Ha poco meno di sessant’anni ed è uno scienziato tra i più noti ed apprezzati al mondo. Non è simpaticissimo al regime per via dei suoi frequenti spostamenti all’estero, ma è una personalità riconosciuta in tutto il mondo e non si può reprimere la sua libertà di pensiero e di movimento.

Guglielmo vuol bene alla sua terra. Vuole che Bologna abbia la sua stazione radio che possa trasmettere un segnale sulla città e coi ripetitori, magari, rispedirlo in giro per il mondo. La radio avvicina.

1936 a.D. – Budrio, provincia di Bologna. Su indicazione di Guglielmo Marconi nasce un piccolo edificio chiamato Radio Marconi, di proprietà dell’EIAR. L’EIAR diventerà successivamente RAI, la palazzina resterà come esempio di una bellissima architettura fascista nella campagna bolognese.

 

Un passato che non esiste più

Veniamo ad un passato molto più prossimo.

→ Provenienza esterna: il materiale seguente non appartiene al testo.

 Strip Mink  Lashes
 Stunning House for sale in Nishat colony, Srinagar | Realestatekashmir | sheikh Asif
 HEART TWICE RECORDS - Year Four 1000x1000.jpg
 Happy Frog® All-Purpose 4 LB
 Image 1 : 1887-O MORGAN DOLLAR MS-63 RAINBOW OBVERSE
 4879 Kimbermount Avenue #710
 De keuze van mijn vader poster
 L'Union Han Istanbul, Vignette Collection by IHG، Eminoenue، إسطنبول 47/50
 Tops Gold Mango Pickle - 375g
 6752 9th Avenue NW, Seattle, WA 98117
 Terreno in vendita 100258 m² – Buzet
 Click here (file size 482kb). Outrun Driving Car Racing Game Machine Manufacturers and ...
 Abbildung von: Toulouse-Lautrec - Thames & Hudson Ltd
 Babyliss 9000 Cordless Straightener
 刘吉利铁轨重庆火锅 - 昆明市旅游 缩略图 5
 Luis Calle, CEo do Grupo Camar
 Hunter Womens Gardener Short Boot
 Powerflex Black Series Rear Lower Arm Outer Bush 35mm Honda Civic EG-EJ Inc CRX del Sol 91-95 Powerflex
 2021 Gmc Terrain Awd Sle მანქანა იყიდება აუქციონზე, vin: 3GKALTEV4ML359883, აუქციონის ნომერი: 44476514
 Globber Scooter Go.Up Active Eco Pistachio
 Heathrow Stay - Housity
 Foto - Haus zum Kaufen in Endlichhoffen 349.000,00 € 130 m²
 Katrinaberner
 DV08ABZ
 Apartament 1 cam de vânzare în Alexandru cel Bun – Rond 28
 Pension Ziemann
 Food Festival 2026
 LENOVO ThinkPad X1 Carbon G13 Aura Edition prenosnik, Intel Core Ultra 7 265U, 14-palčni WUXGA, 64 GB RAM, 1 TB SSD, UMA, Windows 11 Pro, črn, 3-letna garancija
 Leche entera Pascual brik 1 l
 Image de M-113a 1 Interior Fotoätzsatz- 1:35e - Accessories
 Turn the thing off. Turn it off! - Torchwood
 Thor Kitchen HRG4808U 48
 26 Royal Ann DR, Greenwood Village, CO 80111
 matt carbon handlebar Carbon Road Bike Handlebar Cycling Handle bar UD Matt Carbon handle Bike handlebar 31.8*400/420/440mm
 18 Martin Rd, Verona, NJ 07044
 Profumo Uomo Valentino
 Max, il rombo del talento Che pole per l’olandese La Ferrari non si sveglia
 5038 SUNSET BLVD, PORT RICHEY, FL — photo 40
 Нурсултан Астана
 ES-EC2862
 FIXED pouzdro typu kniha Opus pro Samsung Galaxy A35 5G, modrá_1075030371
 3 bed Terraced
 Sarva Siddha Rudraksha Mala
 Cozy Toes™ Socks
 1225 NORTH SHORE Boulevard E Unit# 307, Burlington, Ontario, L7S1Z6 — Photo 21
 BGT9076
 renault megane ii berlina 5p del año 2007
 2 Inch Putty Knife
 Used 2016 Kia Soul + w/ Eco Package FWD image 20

Guglielmo non è eterno e non c’è più. Ci sono però le sue intuizioni.
Vivono in molte, moltissime delle cose che usiamo quotidianamente. Ho in mano un mouse senza filo che comunica con un pc collegato ad internet tramite wi-fi e non mi dilungo. Fatelo voi questo giochino.

Il fatto che una persona di questa terra ha studiato, pensato, realizzato la base per eliminare la variabile spazio dalle nostre comunicazioni dovrebbe renderci orgogliosi almeno quanto i primi passi dell’uomo sulla Luna, invece…

Invece qualcuno ha pensato che demolire quella palazzina sarebbe stato più fruttuoso rispetto a lasciarla alla storia. Meglio un ipermercato dove vendere i proprio prodotti. O la fabbrica per ingrandirsi di un altro poco.

Ma poi c’è crisi e forse nemmeno si farà.
Oltre al danno la beffa.
Abbiamo tirato giù un pezzo di storia per… niente.

In compenso teniamo edifici fatiscenti in centro storico perché un piano regolatore ci impone di non aprire le finestre dove servirebbero, etc.

Che cosa aggiungere?
Aggiungo che ne ha parlato solo questo giornale e me ne dispiace molto. Non ne è stata data notizia.

Vi lascio un sito dove potreste andare a spulciare un po’ d’informazioni sul luogo di questo racconto che, ahimè, non esiste più.

Ora ripetete ancora questo mantra con me:

Un Paese che ignora il proprio ieri, di cui non sa assolutamente nulla e non si cura di sapere nulla, non può avere un domani.